### Records shown
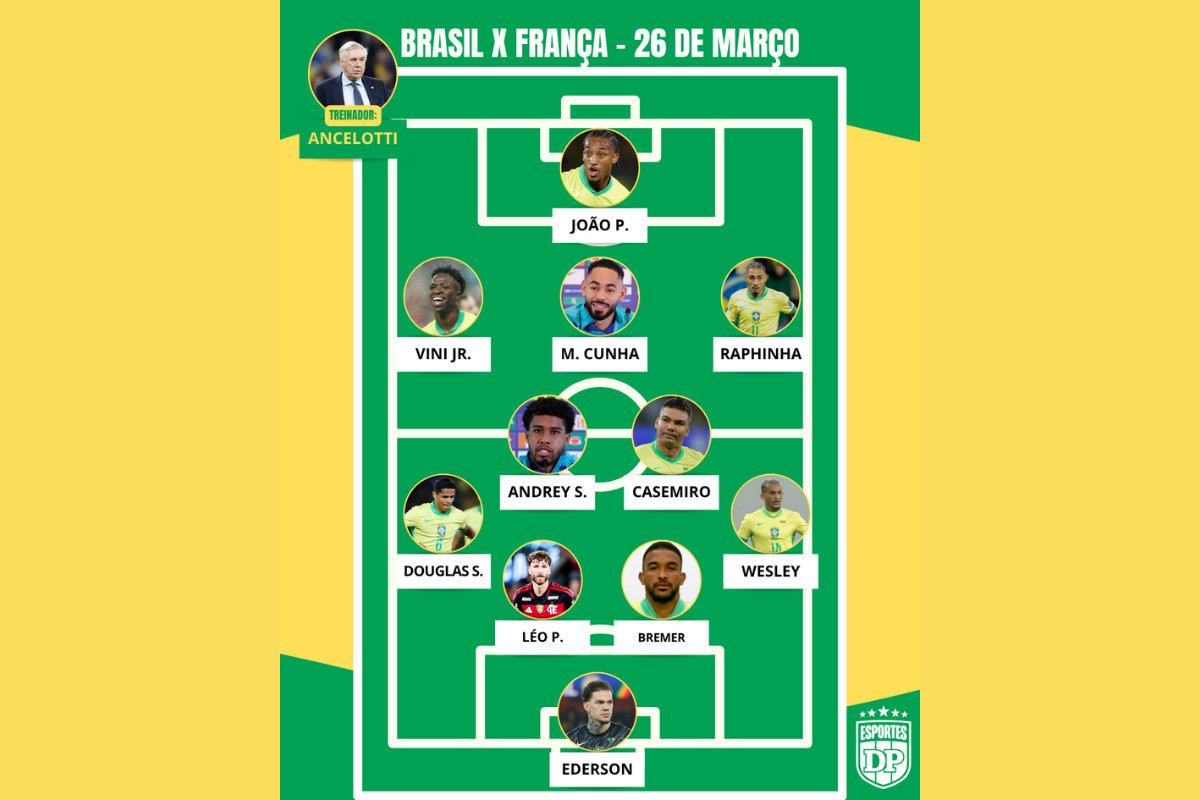 Brasil x França: com 7 desfalques, Ancelotti faz mudanças na escalação da Seleção para o amistoso (Fotos: Rafael Ribeiro/CBF | Gilvan de Souza/Flamengo)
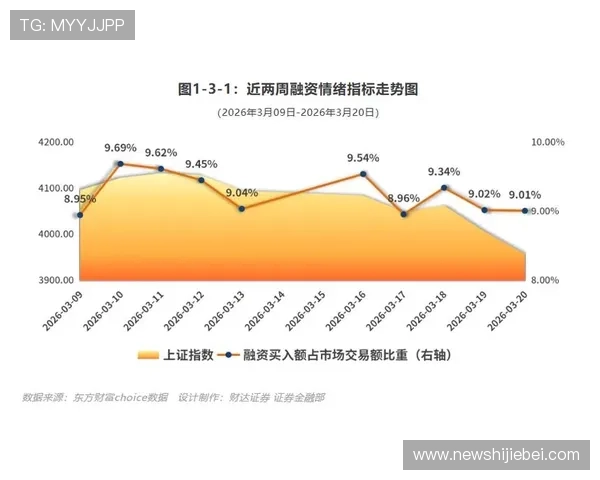 世界杯魔咒A股或将持续影响市场走势引发投资者关注的原因分析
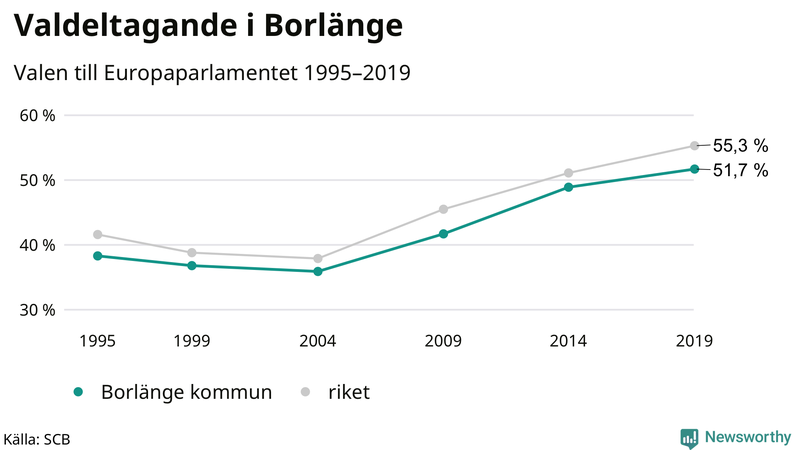 Graf över valdeltagandet i EU-parlamentsvalet i Borlänge 1995-2019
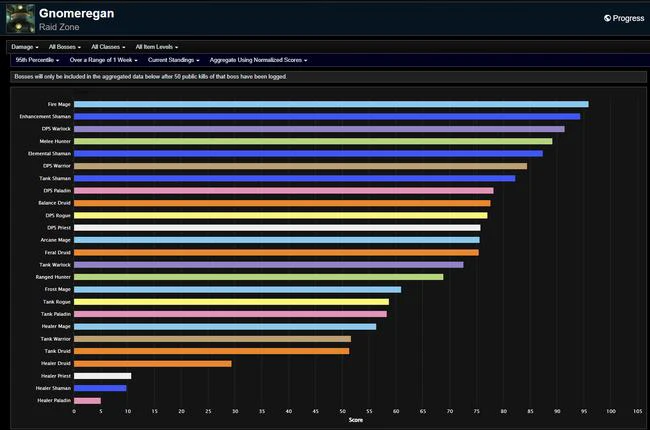 DPS Rankings for Season of Discovery Phase 2 - Gnomeregan Week 5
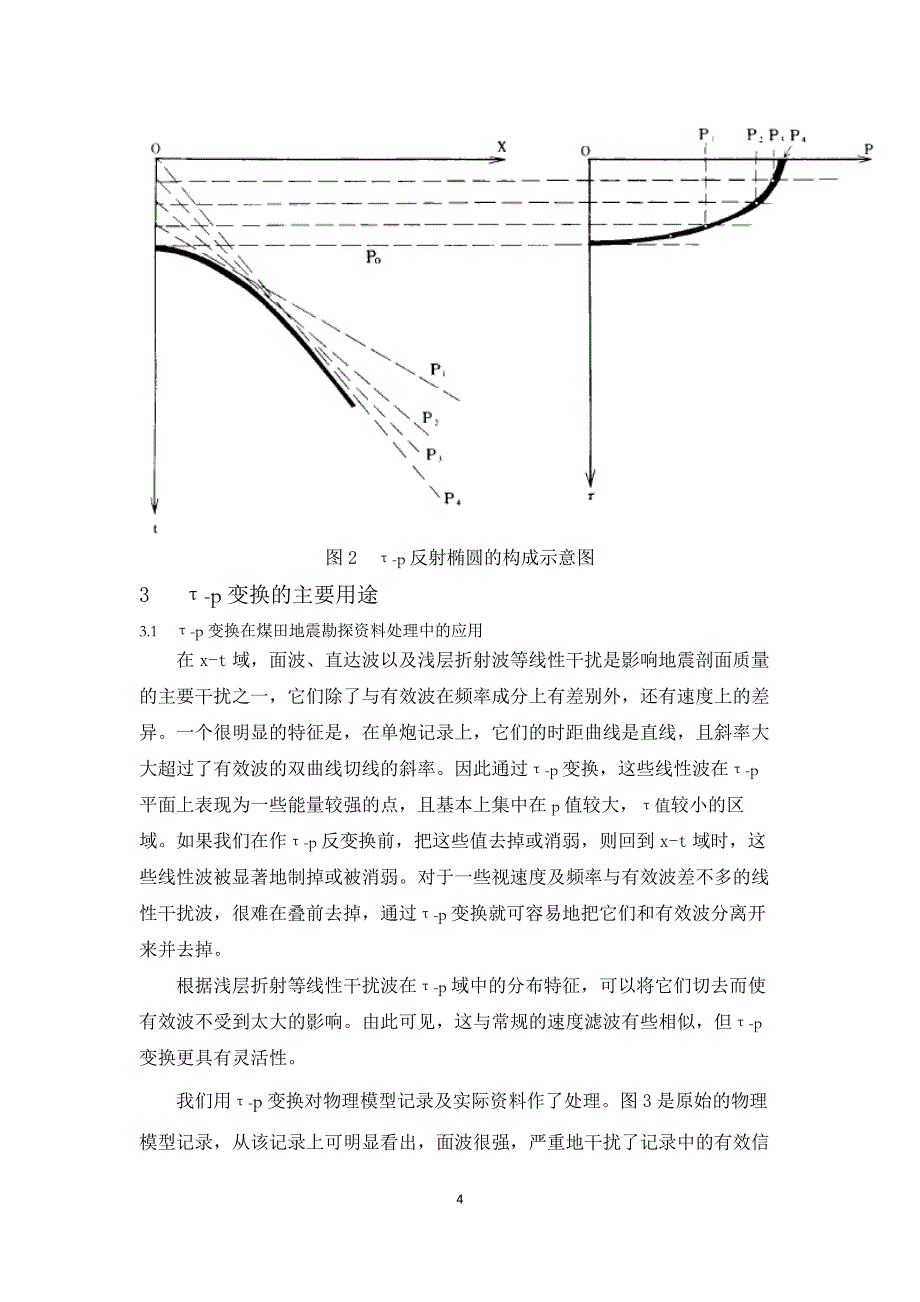 τ-p变换在地球物理学中的应用_第4页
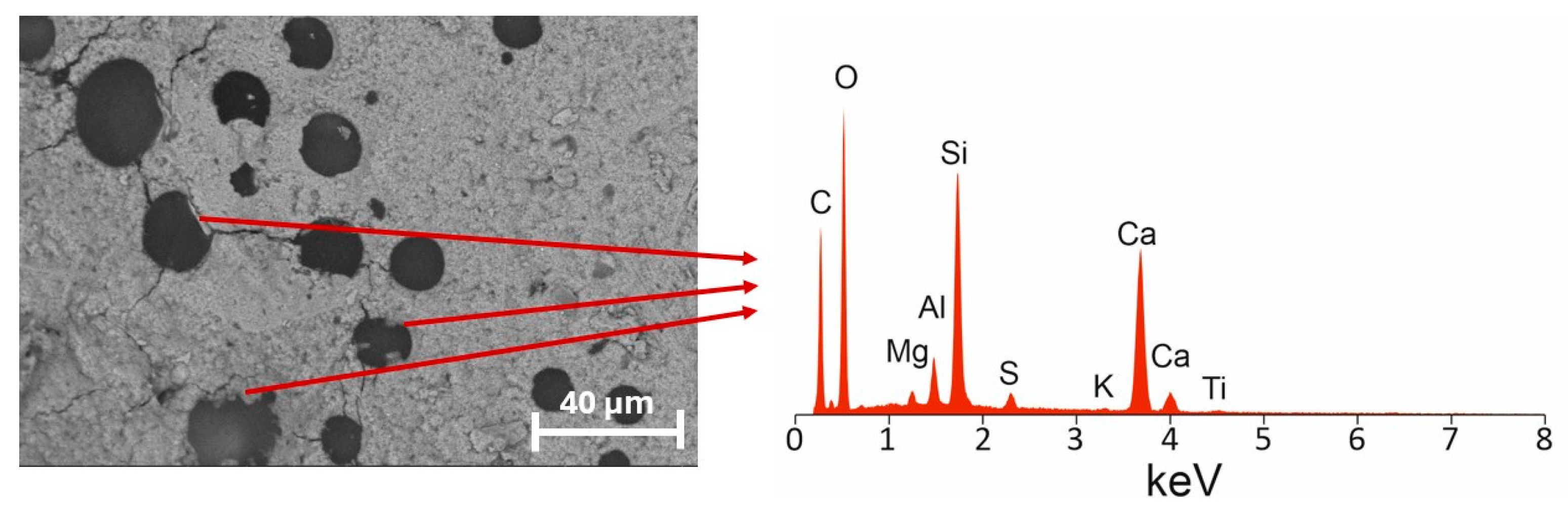 Materials 18 05438 g014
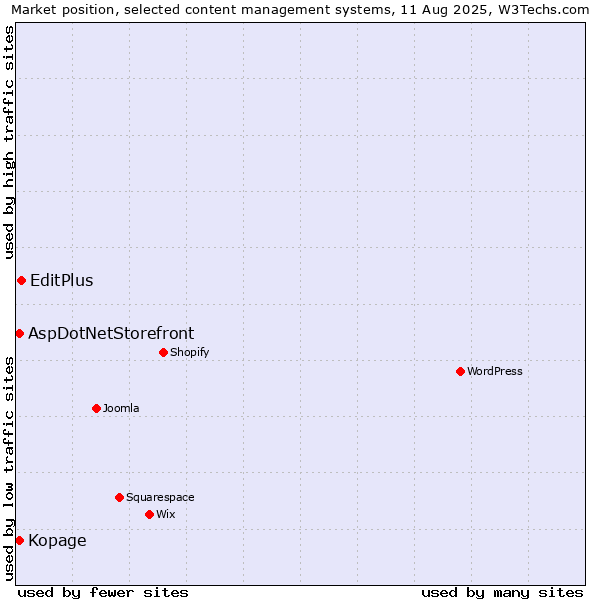 Market position of EditPlus vs. AspDotNetStorefront vs. Kopage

### Exercise aim
Restate the whole of the material word for word without the pictures.

### Answer to the exercise
 Brasil x França: com 7 desfalques, Ancelotti faz mudanças na escalação da Seleção para o amistoso (Fotos: Rafael Ribeiro/CBF | Gilvan de Souza/Flamengo)
 世界杯魔咒A股或将持续影响市场走势引发投资者关注的原因分析
 Graf över valdeltagandet i EU-parlamentsvalet i Borlänge 1995-2019
 DPS Rankings for Season of Discovery Phase 2 - Gnomeregan Week 5
 τ-p变换在地球物理学中的应用_第4页
 Materials 18 05438 g014
 Market position of EditPlus vs. AspDotNetStorefront vs. Kopage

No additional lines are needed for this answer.